Me mira, expectante, pero la belleza de esta nueva traducción me pasa desapercibida.
—Tal vez las medidas no son sólo de estadios, tal vez no se han medido sólo en esas unidades —dice—. Tal vez se han tomado también desde un estadio. Un estadio puede ser el punto de partida.
De Stadio
puede tener un significado doble: se siguen las indicaciones desde un estadio, un edificio físico, y se siguen en estadios, en esas unidades.

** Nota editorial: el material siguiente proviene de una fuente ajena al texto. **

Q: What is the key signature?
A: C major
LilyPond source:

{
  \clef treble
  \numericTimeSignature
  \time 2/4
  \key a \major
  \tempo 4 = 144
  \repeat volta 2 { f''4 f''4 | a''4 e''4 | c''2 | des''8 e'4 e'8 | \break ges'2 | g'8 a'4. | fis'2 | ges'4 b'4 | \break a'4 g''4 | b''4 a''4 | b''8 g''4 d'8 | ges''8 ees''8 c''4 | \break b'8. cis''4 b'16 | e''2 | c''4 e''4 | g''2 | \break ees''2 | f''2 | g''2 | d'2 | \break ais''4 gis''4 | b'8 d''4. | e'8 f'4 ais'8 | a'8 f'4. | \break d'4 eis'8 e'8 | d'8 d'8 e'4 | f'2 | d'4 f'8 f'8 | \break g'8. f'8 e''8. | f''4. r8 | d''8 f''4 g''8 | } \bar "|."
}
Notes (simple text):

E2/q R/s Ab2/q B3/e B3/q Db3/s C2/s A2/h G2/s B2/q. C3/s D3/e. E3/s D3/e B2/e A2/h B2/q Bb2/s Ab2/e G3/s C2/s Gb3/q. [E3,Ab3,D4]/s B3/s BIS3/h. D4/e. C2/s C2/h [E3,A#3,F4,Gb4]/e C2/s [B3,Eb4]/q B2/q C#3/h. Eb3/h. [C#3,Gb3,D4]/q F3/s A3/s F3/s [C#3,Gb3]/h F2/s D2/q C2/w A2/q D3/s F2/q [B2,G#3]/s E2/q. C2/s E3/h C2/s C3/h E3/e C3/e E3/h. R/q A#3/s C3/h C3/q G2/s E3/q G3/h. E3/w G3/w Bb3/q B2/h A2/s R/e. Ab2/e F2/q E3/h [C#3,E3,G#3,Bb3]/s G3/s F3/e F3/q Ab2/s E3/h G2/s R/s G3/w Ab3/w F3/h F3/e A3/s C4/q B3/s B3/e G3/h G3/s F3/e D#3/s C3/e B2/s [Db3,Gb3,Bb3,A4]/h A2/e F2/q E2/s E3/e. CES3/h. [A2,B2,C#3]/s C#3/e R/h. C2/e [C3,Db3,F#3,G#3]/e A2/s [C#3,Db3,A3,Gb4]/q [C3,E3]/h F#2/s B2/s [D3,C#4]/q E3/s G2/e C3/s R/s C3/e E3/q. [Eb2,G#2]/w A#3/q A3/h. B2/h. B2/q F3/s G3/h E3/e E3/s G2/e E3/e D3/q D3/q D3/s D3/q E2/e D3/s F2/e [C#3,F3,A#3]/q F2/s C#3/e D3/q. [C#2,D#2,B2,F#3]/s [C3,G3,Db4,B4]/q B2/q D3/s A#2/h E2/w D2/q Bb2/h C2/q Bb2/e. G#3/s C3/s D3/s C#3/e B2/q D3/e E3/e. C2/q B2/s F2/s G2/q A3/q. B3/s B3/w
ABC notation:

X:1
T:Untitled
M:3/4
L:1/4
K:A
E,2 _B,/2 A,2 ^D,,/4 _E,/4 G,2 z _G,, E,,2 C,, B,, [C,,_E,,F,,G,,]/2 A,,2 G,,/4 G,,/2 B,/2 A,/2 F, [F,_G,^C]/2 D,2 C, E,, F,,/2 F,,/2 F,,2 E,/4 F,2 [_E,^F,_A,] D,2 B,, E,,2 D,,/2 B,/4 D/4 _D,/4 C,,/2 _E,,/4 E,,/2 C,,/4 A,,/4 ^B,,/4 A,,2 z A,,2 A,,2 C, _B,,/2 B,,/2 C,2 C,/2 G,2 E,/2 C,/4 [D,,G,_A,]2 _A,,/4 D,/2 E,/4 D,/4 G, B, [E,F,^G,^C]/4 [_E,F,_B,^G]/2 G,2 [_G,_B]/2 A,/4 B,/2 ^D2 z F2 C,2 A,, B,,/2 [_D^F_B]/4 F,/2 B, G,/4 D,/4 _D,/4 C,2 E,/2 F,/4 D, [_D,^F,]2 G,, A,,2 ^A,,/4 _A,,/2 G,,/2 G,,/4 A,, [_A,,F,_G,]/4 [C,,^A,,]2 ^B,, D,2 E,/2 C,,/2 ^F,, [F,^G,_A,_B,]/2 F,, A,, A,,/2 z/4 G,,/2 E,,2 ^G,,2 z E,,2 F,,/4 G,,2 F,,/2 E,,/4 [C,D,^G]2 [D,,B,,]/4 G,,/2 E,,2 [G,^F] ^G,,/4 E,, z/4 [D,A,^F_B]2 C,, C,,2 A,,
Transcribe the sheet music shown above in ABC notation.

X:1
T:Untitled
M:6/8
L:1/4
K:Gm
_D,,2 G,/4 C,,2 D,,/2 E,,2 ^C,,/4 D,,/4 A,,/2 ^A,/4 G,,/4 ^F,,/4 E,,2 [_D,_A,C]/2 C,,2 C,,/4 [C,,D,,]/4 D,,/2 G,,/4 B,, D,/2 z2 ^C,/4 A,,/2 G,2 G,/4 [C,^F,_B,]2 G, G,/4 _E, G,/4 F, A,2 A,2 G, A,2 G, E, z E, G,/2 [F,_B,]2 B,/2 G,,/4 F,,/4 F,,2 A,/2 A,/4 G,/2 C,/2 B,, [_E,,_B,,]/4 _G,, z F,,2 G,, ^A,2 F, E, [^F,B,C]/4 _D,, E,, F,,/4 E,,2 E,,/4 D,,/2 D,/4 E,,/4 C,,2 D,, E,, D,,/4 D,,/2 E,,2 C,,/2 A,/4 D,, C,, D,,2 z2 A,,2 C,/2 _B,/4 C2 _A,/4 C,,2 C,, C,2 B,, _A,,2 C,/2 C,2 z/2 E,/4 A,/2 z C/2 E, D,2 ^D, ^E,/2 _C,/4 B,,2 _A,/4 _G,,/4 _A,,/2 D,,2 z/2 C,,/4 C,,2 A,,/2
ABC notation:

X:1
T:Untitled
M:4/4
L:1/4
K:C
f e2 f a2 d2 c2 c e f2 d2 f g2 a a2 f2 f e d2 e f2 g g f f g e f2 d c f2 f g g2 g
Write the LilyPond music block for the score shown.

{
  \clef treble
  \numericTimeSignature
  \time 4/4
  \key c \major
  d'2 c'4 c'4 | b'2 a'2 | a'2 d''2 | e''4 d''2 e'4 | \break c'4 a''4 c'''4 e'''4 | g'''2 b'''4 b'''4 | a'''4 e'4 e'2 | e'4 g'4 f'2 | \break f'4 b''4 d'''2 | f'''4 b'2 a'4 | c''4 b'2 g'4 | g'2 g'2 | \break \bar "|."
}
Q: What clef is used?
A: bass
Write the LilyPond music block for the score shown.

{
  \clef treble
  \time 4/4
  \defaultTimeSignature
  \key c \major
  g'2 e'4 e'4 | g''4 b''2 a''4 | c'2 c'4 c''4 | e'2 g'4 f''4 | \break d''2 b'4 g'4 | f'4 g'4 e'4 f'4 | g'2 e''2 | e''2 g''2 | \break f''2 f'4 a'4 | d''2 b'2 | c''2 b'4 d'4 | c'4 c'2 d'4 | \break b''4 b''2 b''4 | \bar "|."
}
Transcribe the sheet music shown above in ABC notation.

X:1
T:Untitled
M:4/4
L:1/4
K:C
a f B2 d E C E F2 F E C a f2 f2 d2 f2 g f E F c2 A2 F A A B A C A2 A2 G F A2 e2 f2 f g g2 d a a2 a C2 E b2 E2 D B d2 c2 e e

El mapa de Roma proyectado en la pared empieza a estar mejor enfocado. La ciudad está cubierta de antiguos estadios. Colonna la debió conocer mejor que cualquier otra ciudad del mundo.
—Esto resuelve el problema de escalas que tenía el capitán —continúa Paul—. Uno no puede medir la distancia entre países en unos pocos estadios. Pero sí que puedes medir así la distancia en el interior de una ciudad.
Plinio
dice que la circunferencia de las murallas de Roma en el año 75 d.C. era de cerca de veintiún kilómetros. Entre un extremo y otro de la ciudad debía haber veinticinco o treinta estadios.
—¿Crees que eso nos llevará a la cripta?
—Francesco habla de construir donde nadie pueda verla. No quiere que nadie sepa lo que hay dentro. Ésta puede ser la única forma de encontrar la ubicación.
En un instante, me vienen a la memoria meses de especulaciones. Paul y yo pasamos varias noches preguntándonos por qué Colonna construiría su cripta en los bosques romanos, lejos de su familia y sus amigos, pero nunca nos pusimos de acuerdo en nuestras conclusiones.
—¿Y si la cripta fuera más de lo que creemos? —dice—. ¿Y si la ubicación fuera el secreto?
—En ese caso, ¿qué habría dentro? —digo, recuperando la pregunta.
Todo su porte se transforma en frustración.